By Allyson Brantley,

Book cover of Brewing a Boycott: How a Grassroots Coalition Fought Coors and Remade American Consumer Activism

What is my book about?

In the late twentieth century, nothing united union members, progressive students, Black and Chicano activists, Native Americans, feminists, and members of the LGBTQ+ community quite as well as Coors beer. They came together not in praise of the ice-cold beverage but rather to fight a common enemy: the Colorado-based Coors Brewing Company. Wielding the boycott as their weapon of choice, activists targeted Coors for allegations of anti-unionism, discrimination, and conservative political ties. Over decades of organizing and coalition-building from the 1950s to the 1990s, anti-Coors activists molded the boycott into a powerful means of political protest.
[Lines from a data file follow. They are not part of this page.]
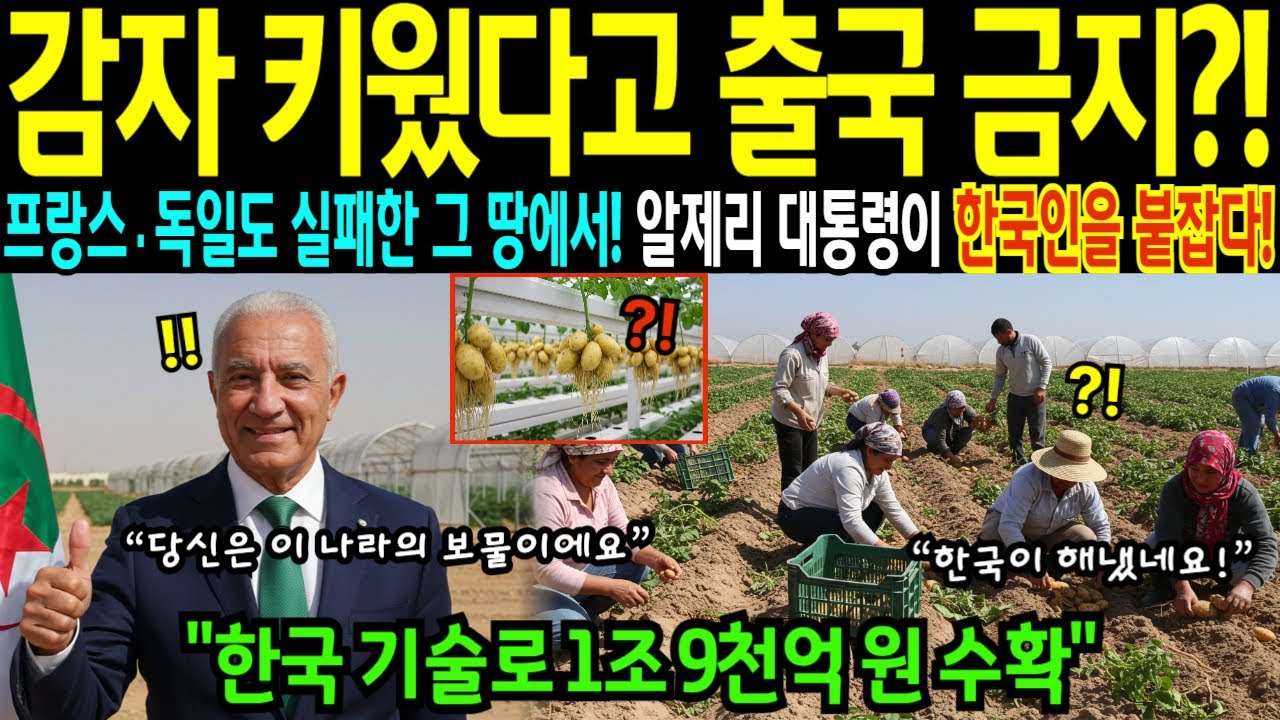 [해외감동사연] 세계 1위 한국 농업기술이 또 살렸다! 알제리 대통령도 감탄한 한국 기술자에 전세계 경악!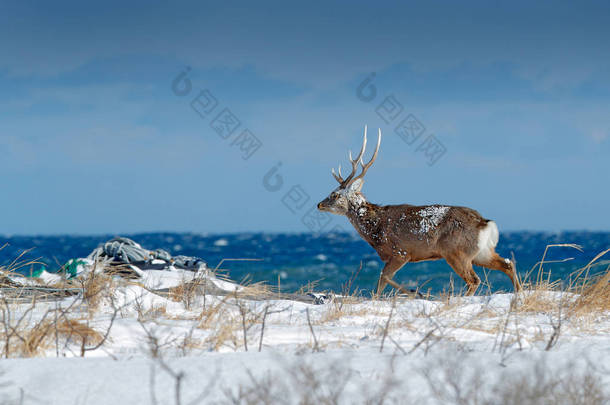 <strong>北海道</strong>梅花鹿, 鹿日本 yesoensis, 在雪地草甸, 碧波荡漾的碧海背景。动物与鹿角在自然栖息地, 冬景, <strong>北海道</strong>, 野生动物自然, 日本.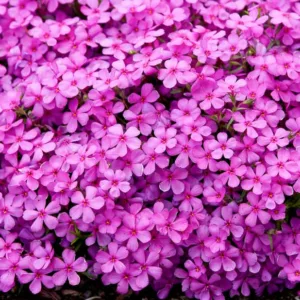Phlox Subulata 'Ruby Riot', Phlox 'Ruby Riot', Alpine Phlox 'Ruby Riot', Moss Phlox 'Ruby Riot', Creeping phlox 'Ruby Riot', Pink Phlox, Pink flowers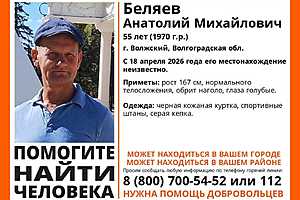 фото: "ЛизаАлерт"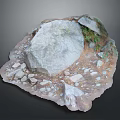 Natural Wood Stone Decorative Display With Large Rock Small Stones And Green Plants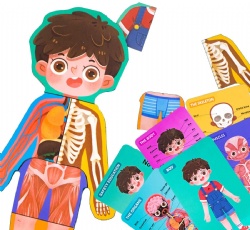 Human Anatomy Puzzle Set Boys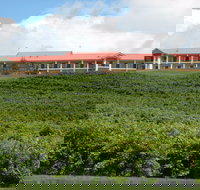 Turners Vineyard Motel - New Castle Tourism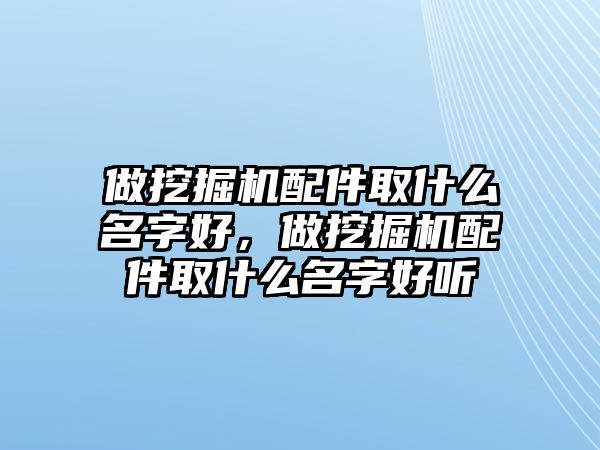 做挖掘機配件取什么名字好，做挖掘機配件取什么名字好聽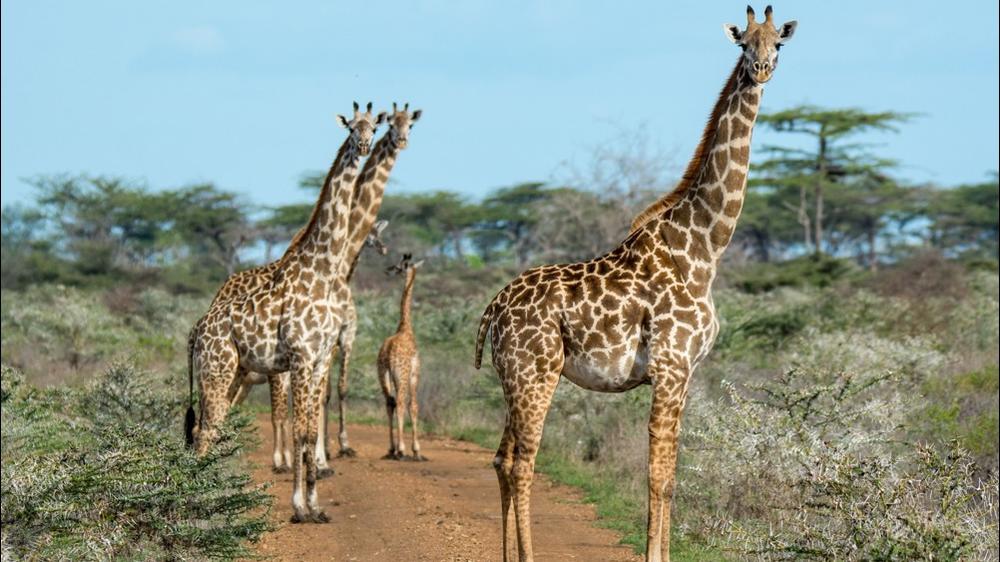 Selous Game Reserve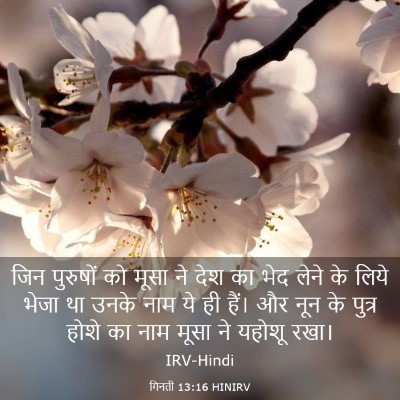 Picture 03 - गिनती 13:16 HINIRV - जिन पुरुषों को - Bible Verse Picture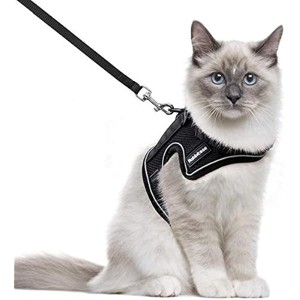 rabbitgoo Cat Harness and  for Small Cats, Kitten Harness with Magic Tapes and Double Clips for Safety Outdoor Activity, M - 1 of 1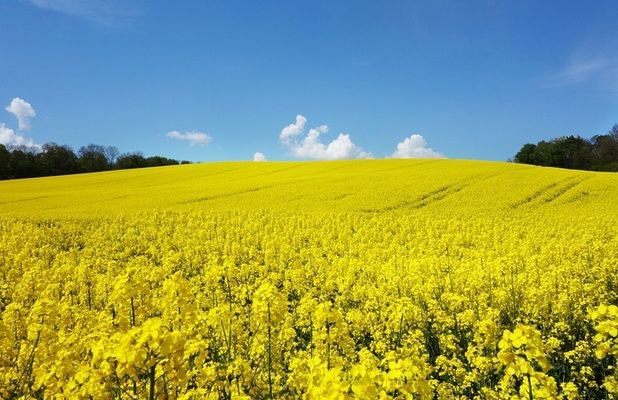 Виробництво ріпаку в Канаді може знизитися з 20 до 12 млн т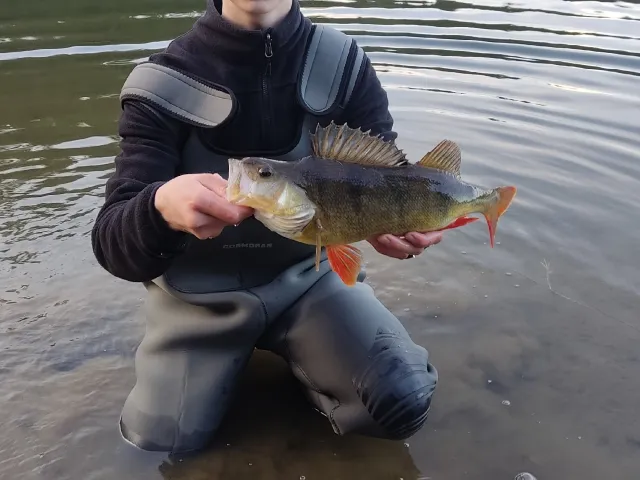 Flussbarsch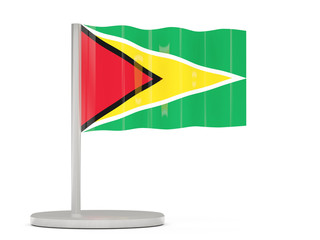 Pin with flag of guyana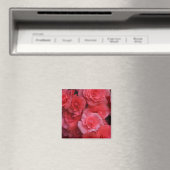Lush Pink Double Begonia Magnet (In Situ (Geschirrspüler))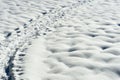 Snow shoe trail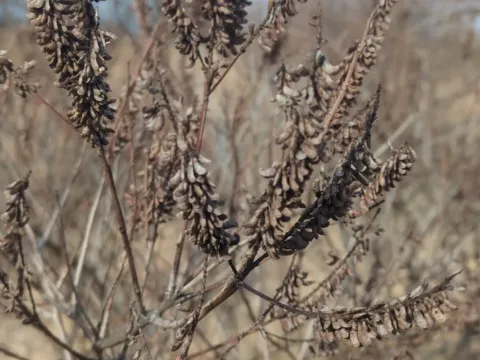 Аморфа шафранно-шерстиста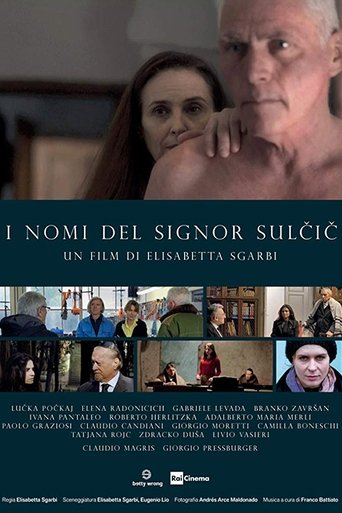 The Names of Mr. Sulcic Poster of The Names of Mr. Sulcic
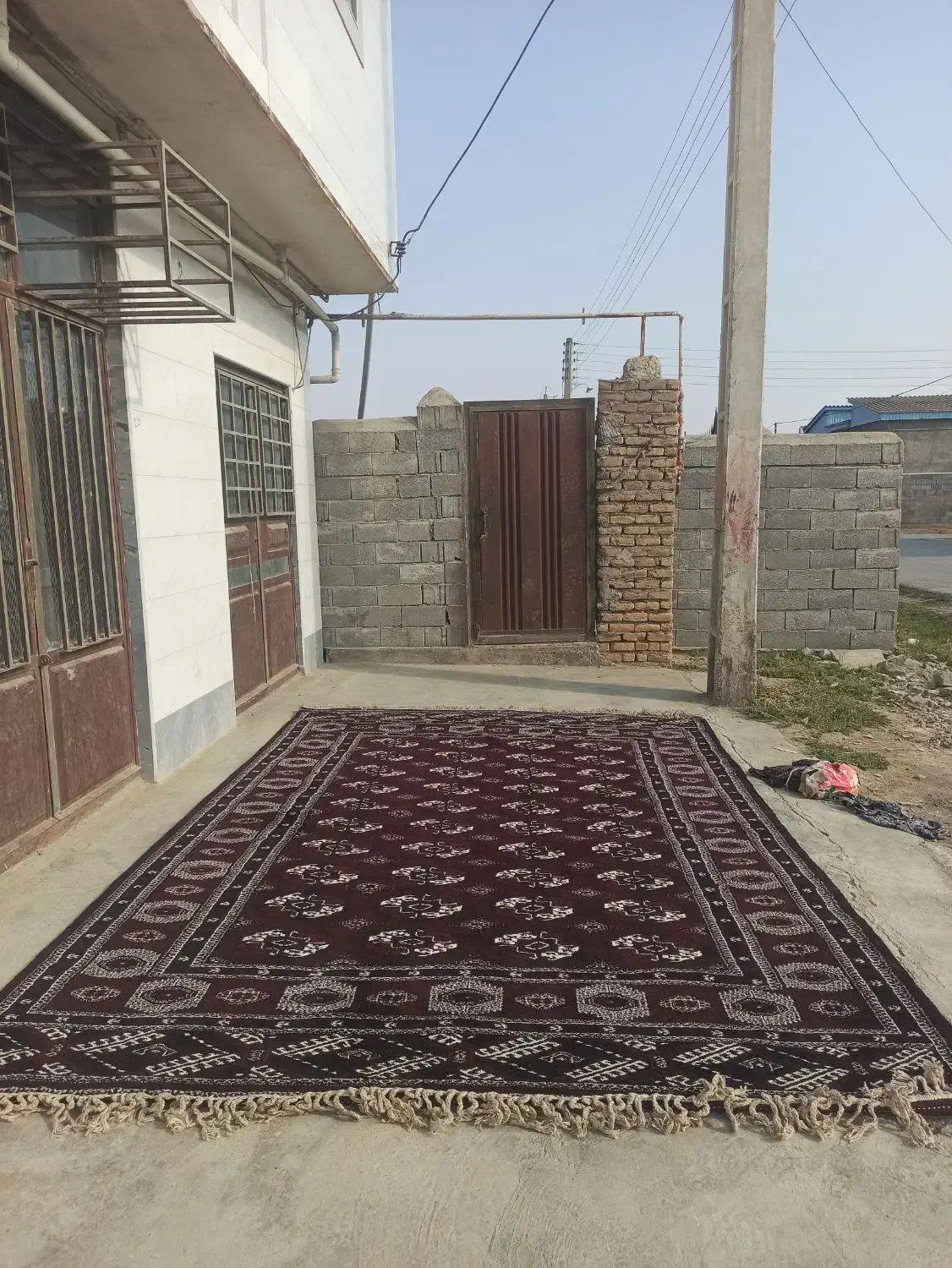 قالی ترکمنی(عرض۲/۶۰متر طول۴متر)|فرش|آق قلا, |دیوار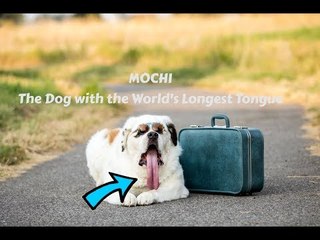 Saint Bernard Sets Record for World's Longest Tongue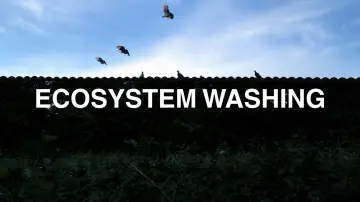 Задник до фильму"Ecosystem washing" #1177390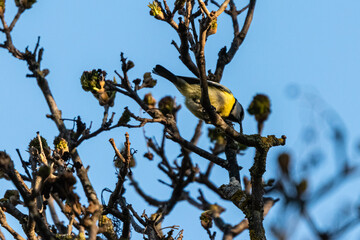 bird in a park in Aix-en-Provence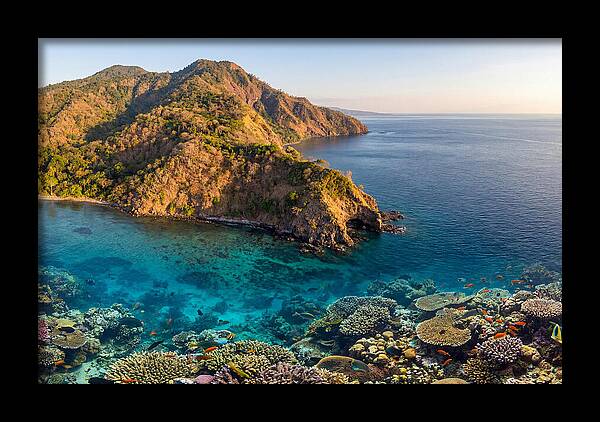 Atauro Island Coastline Serenity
I draw from a broad archive as well as oral history interviews with long-time boycotters to offer a compelling, grassroots view of anti-corporate organizing and the unlikely coalitions that formed in opposition to Coors. The story highlights the vibrancy of activism in the final decades of the twentieth century and the enduring legacy of that organizing for communities, consumer activists, and corporations today.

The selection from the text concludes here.